The genealogical research process might be a good model for the rest of the research world.
One of my hobbies is exploring the technical aspects of genealogy research. By this I mean everything except the locating of sources. Locating sources is important, of course; indeed, many people seem to treat it as the only activity in genealogy. But I am continually impressed by how well professional genealogists understand what to do with the sources they find.
In genealogy, the sources are pretty straight forward structurally: they are documents that reference particular individuals. The conclusions are also structurally simple: they are people, relationships between people, and events involving people. This simplicity allows fairly robust description of the path from source to conclusion.
Sources contain information; information can be used as evidence to support or reject putative facts. A census administered on 12 November 1930 might contain the information that there was a John Doe who was 54 years old on that day. This information contains evidence to support the putative fact that John Doe was born between 13 November 1875 and 12 November 1876. Evidence can also arrise from things other than positive information; a child not listed on a census of a family is evidence that that child was either not yet born or already dead at the time of the census. Evidence is never conclusive: people make mistakes and lie, and strange-sounding explanations are sometimes correct.
Once enough evidence has been gathered, we can use it to construct a proof argument. This takes the form of a set of mutually-consistent conclusions with a list of supporting evidences and a list of all contrary evidences. Each contrary piece of evidence is accompanied by our best explanation as to why it is not correct.
One of the nice things about genealogical research from a technical standpoint is that every portion of this can be easily stored in a canonical data structure. I had hopes that GEDCOMX would be this canonical structure when it was first announced. It now looks like it is only going to be half of it. Sources, information, and putative facts can be modeled as nodes of a graph. Evidences (pro and con) are the edges between these nodes, labeled with explanations were appropriate. A proof argument is then a collection of putative facts and a selection of explanations offering a single consistent view of the past.

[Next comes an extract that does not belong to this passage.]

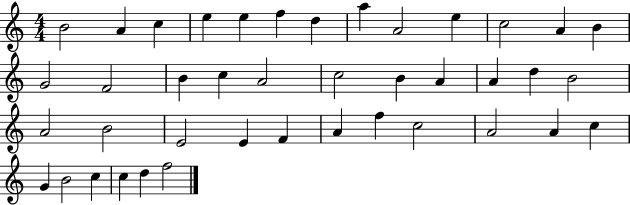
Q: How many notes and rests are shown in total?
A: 41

As a researcher in computer science, I often wish we had the same kind of structure as genealogy. The sources and conclusions are so much more diverse that we can’t acheive the same simplicity. But could we do a better job at separating the various pieces of research?
What if computer scientists had to separately identify sources (e.g., algorithms or experiments), the information they contain (e.g., big-O or statistical analyses), the putative facts they evidence (e.g., “Floyd-Warshall is faster than Johnson for sparse graphs”), and identify both positive and negative evidences? Such a structure may not be as easy to read as the current free-form paper model Though it could be easier to read than are some papers… but it would have the advantage of clarity—no more hiding behind fancy prose or burying the lead in a poor outline. Such structure would also enable smaller contributions—a researcher could, for example, add a new source to an existing structure to strengthen (or weaken) its conclusions without needing to create an entire publication from the work.
I don’t know that the particular elements of the genealogical research process are necessarily the right elements in other fields. But I am attracted by the fact that they are identified as distinct. I hope some day my field will develop the same maturity.